(Beginning of RECORDS PROVIDED)

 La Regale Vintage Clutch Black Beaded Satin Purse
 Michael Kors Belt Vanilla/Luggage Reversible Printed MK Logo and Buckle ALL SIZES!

(End of RECORDS PROVIDED)
(Beginning of RECORDS PROVIDED)

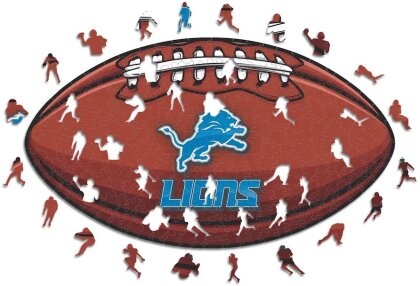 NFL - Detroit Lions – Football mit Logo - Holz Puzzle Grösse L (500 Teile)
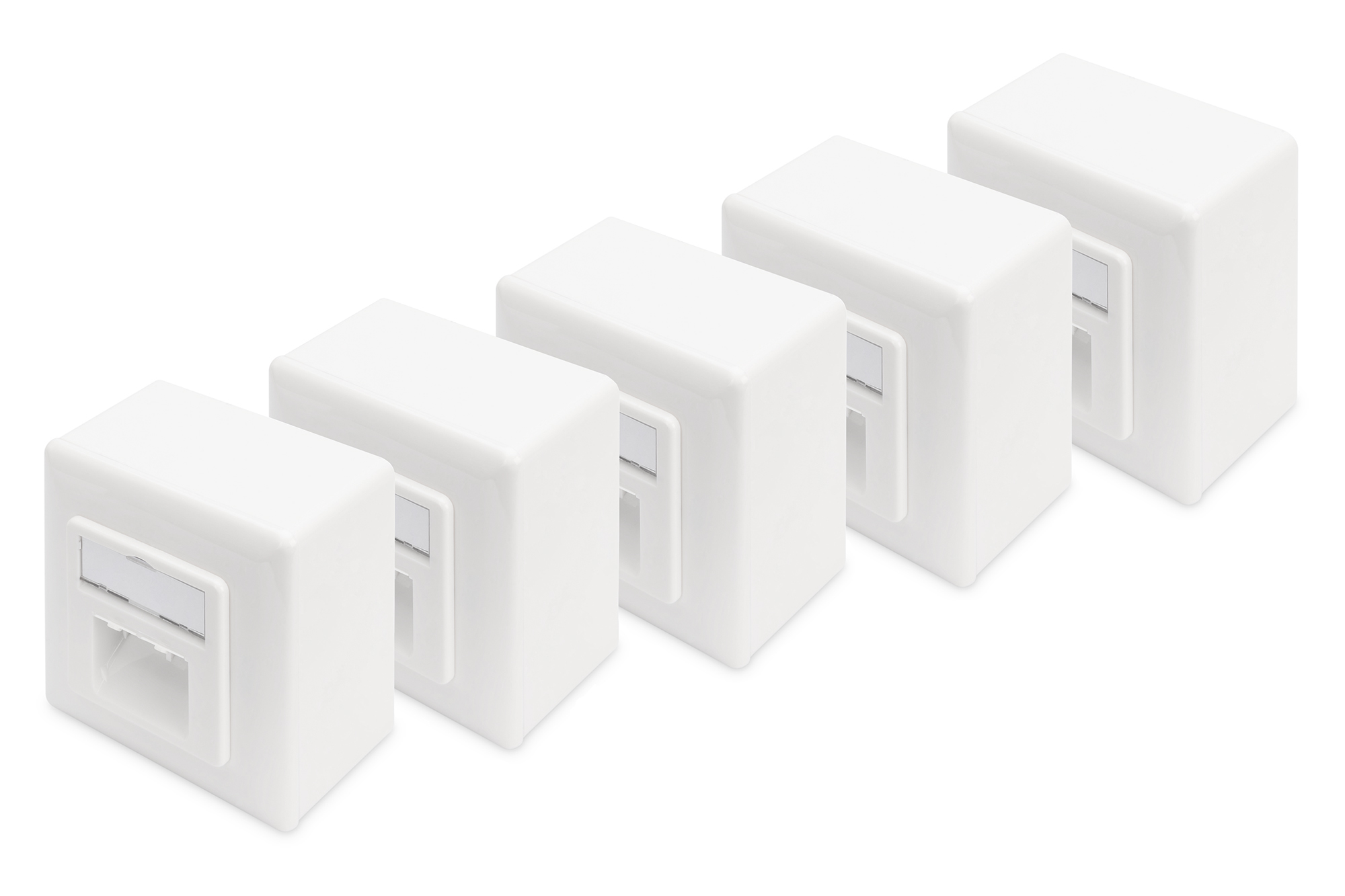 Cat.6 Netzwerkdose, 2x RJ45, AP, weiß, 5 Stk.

(End of RECORDS PROVIDED)

**PROBLEM STATEMENT:**
Using only the listing above, restate exactly the lines from the line containing "La Regale Vintage" through the line containing "Michael Kors Belt", both included.

**EXERCISE RESPONSE:**
 La Regale Vintage Clutch Black Beaded Satin Purse
 Michael Kors Belt Vanilla/Luggage Reversible Printed MK Logo and Buckle ALL SIZES!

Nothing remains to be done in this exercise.